I’m writing this on my brand new desktop, so I can testify that it’s working fine. It’s not quite work ready yet. I’m going to be installing my programs on it and then syncing my cloud folders and stuff this evening so that tomorrow morning I can get up, hop on, and get to work exactly like I wanted to today.

STATUS: Tuesday, July 7th

The Daily Report

I have been having a hard time finding my footing lately, after spending the first half of June sick and the second half swamped with outside obligations that would have been less of a big deal if I’d had any momentum going, creative or professional or whatever.

I had this big plan coming out of WisCon that I was going to start keeping to “office hours” much more rigorously, work to a schedule as much as the muse allows.
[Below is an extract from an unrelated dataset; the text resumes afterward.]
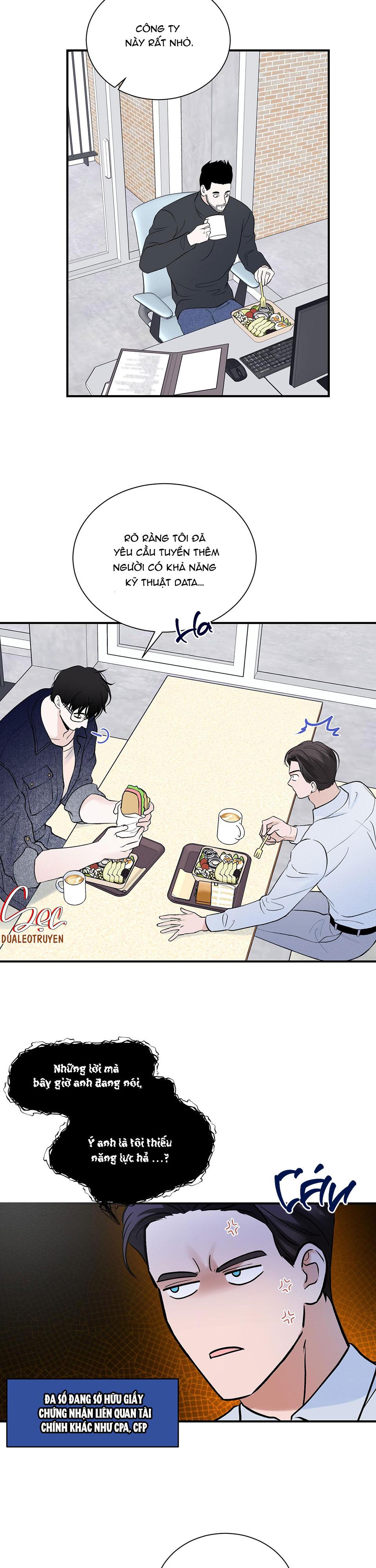 Over Clock Chapter 10 - Trang 2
The whole being on my back for more than a week kind of took the wind out of those sails pretty quickly. We’ll see how it goes this week.

The State of the Me

I have a headache today. I did not sleep well all last week, and I feel like I am paying for that now. Separately from the physical stuff, I am going through some personal turmoil. I am resolved that it is best both personally and professionally to proceed as normal during my work day, to get in a solid block of time when my mind is occupied by Other Things.

Plans For Today

Today, I have been and will continue to be spending an unknown amount of time installing and updating software on this computer, and otherwise getting it in working order. I will definitely be writing this afternoon, though I can’t say how inspired it will be after all this technical drudgery.

Computer Woes

This week, I am back from a busy week and nigh unto miraculous week of family-ing in Nebraska. Yesterday I’d intended to throw myself back into it, but my main work computer died on me. It froze up completely while I was downstairs getting lunch, and would not finish booting after that. It gets as far as the “Starting Windows” screen, but the Windows symbol never starts to form. Startup Repair hangs as soon as the “loading files” bar is full. Safe Mode will show the list of system files being loaded and then freeze.

It did this shortly before my trip. I was able to determine that it wasn’t detecting one of the RAM cards, and re-seating all of them apparently fixed it. This time, no dice.
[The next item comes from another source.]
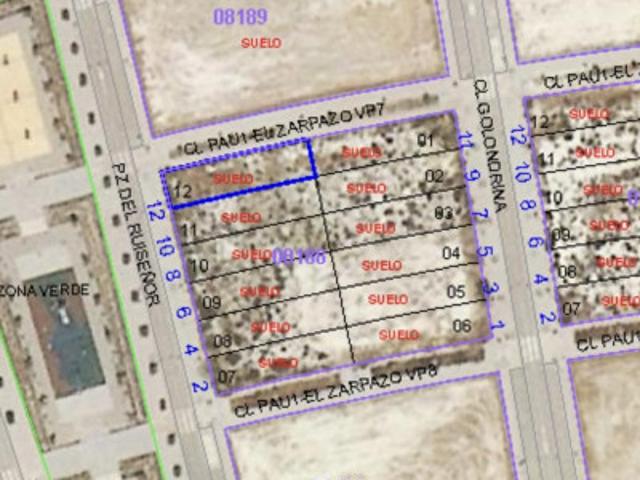 Terreno en venta en Lucena, Calle Ruiseñor, 14900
I still somewhat suspect the memory to be the problem… like one or more of the cards has gone a little off without failing completely, and so the whole thing breaks as soon as the computer needs to do anything terribly involved. The computer and its components are more than five years old. It doesn’t feel like it’s nearly that old because most of its lifetime was during the time I was bouncing between states half the year.
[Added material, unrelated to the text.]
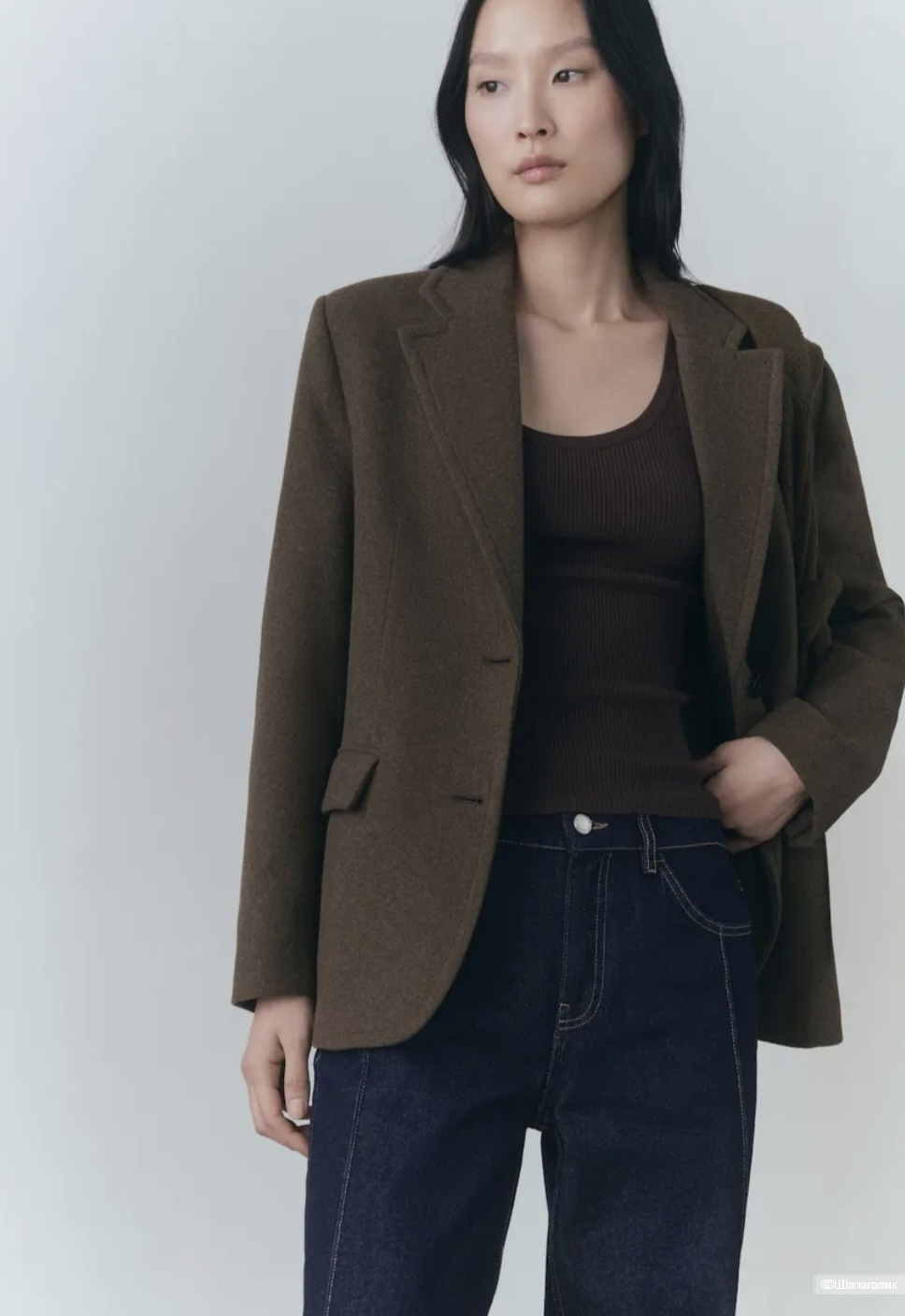 Джинсы Mango/48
Progressive RAM failure isn’t the only possibility, but it seems the most likely one given that reshuffling the cards did briefly extend the computer’s usefulness. I suppose trying to boot up another operating system might help confirm if it’s a hardware issue or a Windows issue, but I have limited resources for dealing with this kind of problem at the moment.

I do have a backup computer, which is what I’m using now. It is another 5+ year old desktop unit, one that’s quite a bit less powerful but which has been used less often and has been far less finicky, hardware-wise. My currently-dead computer was a refurb model and it’s always been a bit strange about its RAM.

Still, this is not a long-term solution… this thing is so slow even just switching tabs in a browser. It is not very good at running the programs I need for things like editing and laying out books. Even just typing this blog post, I have to keep stopping to let the screen catch up with my text.

I’m not sure what I’ll do long-term. I’ve been mulling getting new RAM for my dead box, which would be a cheap fix if the problem is what I think it is, but kind of a waste if it’s not. The other alternative is to get a new desktop, which would be a bigger expense that I can’t really afford right now. Either way, I’ll probably be limping along as is for at least a week or two.